[Task inputs — start]

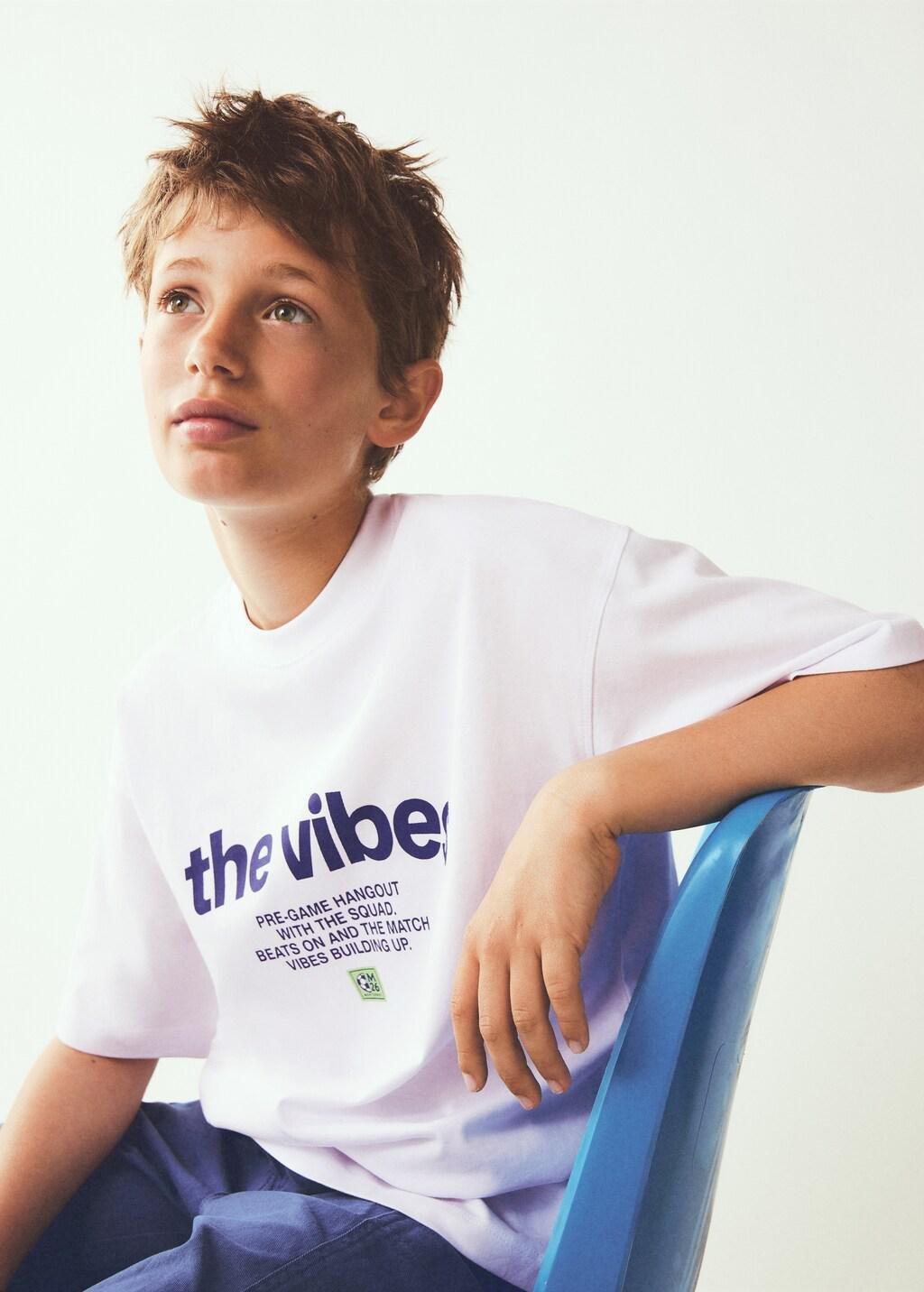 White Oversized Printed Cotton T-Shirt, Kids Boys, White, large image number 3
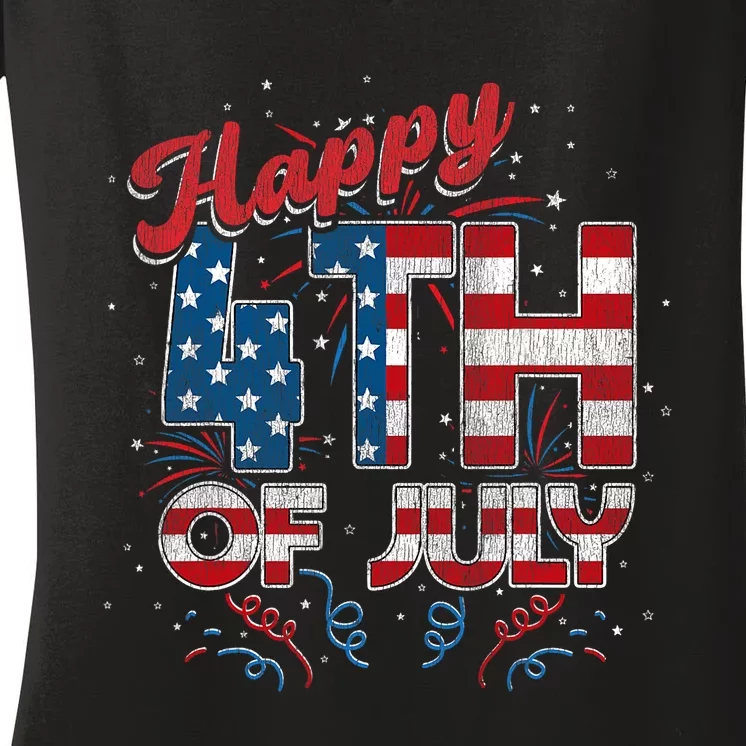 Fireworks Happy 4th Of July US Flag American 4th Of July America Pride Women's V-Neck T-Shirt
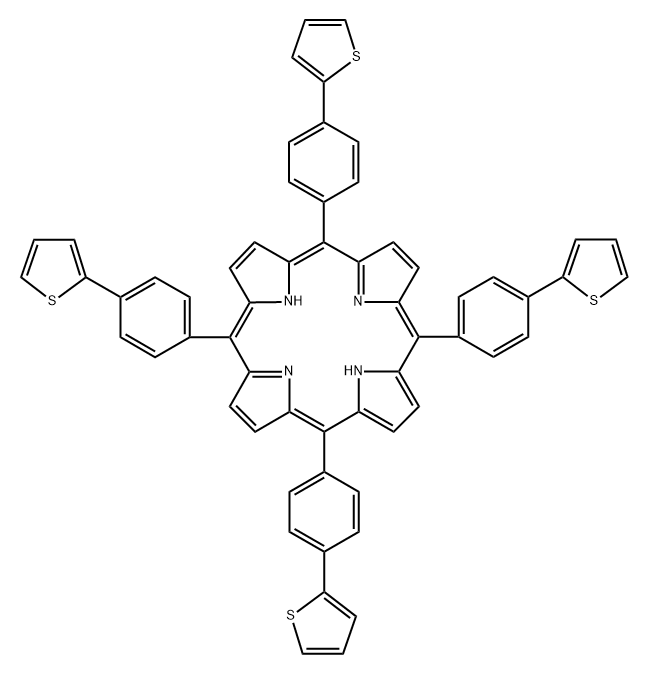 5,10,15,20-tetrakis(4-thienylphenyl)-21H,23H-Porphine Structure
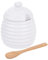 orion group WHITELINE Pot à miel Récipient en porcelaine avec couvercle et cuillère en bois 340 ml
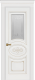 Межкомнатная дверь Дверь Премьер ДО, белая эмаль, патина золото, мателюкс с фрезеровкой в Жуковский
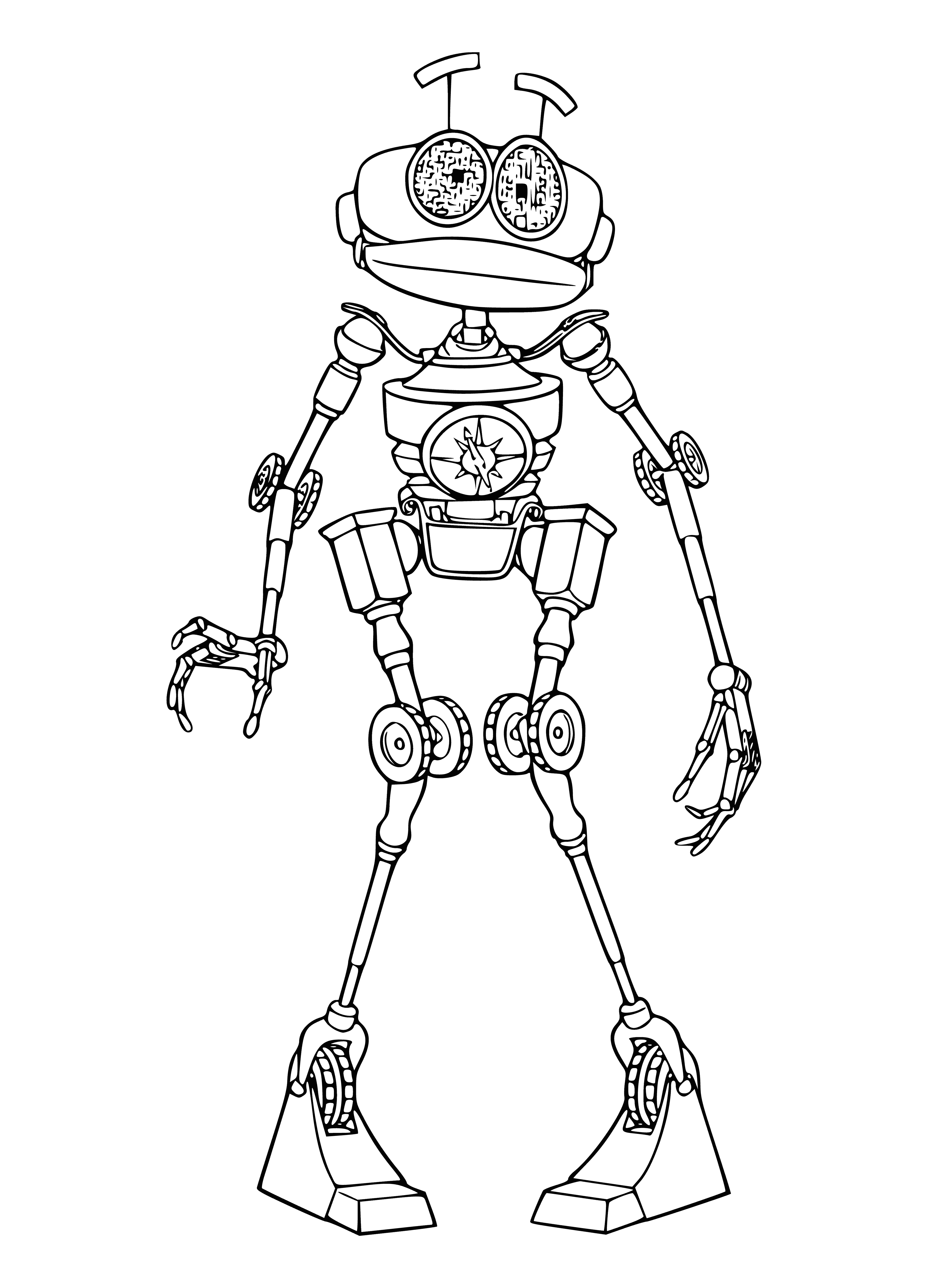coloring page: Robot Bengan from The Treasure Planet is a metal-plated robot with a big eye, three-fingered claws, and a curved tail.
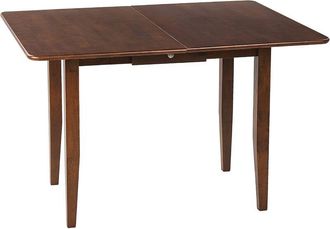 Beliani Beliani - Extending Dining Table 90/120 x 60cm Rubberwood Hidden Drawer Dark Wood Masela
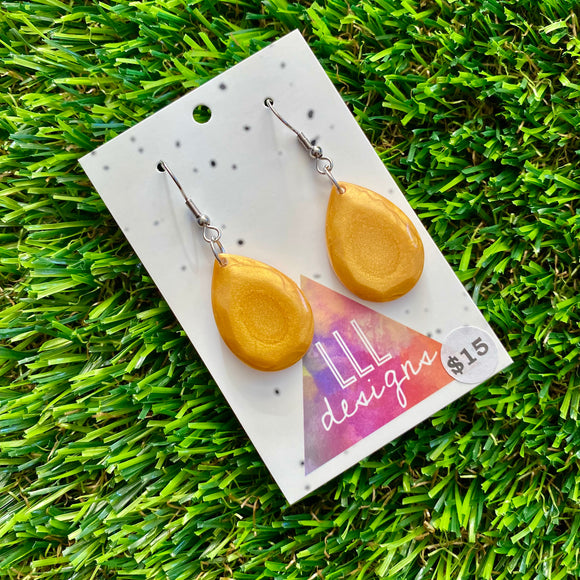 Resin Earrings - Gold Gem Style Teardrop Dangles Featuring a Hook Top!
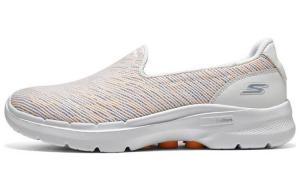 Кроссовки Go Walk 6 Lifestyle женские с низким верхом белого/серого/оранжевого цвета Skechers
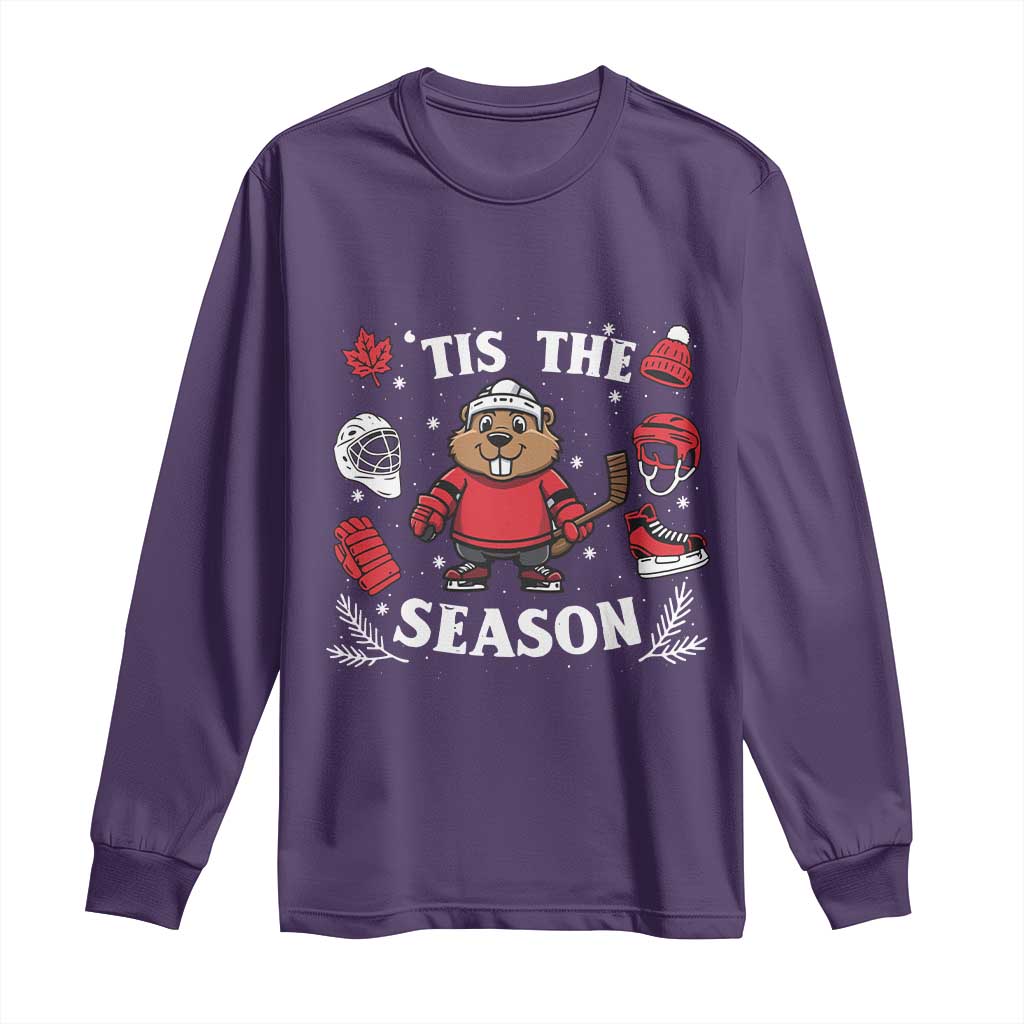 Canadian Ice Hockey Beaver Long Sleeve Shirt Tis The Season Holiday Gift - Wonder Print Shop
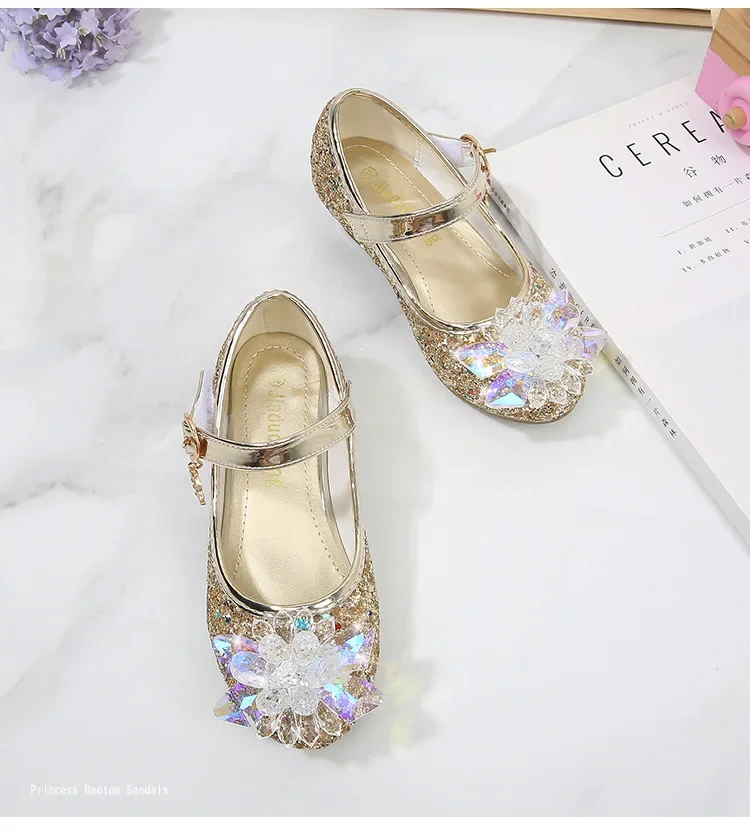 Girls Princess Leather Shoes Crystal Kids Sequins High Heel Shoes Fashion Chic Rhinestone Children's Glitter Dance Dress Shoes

[Task inputs — finish]

Extract only the lines from the one that contains "orion group WHITELINE" through the end of the records, inclusive, and omit every picture.

 orion group WHITELINE Pot à miel Récipient en porcelaine avec couvercle et cuillère en bois 340 ml
 Межкомнатная дверь Дверь Премьер ДО, белая эмаль, патина золото, мателюкс с фрезеровкой в Жуковский
coloring page: Robot Bengan from The Treasure Planet is a metal-plated robot with a big eye, three-fingered claws, and a curved tail.
 Beliani Beliani - Extending Dining Table 90/120 x 60cm Rubberwood Hidden Drawer Dark Wood Masela
 Resin Earrings - Gold Gem Style Teardrop Dangles Featuring a Hook Top!
 Кроссовки Go Walk 6 Lifestyle женские с низким верхом белого/серого/оранжевого цвета Skechers
 Canadian Ice Hockey Beaver Long Sleeve Shirt Tis The Season Holiday Gift - Wonder Print Shop
 Girls Princess Leather Shoes Crystal Kids Sequins High Heel Shoes Fashion Chic Rhinestone Children's Glitter Dance Dress Shoes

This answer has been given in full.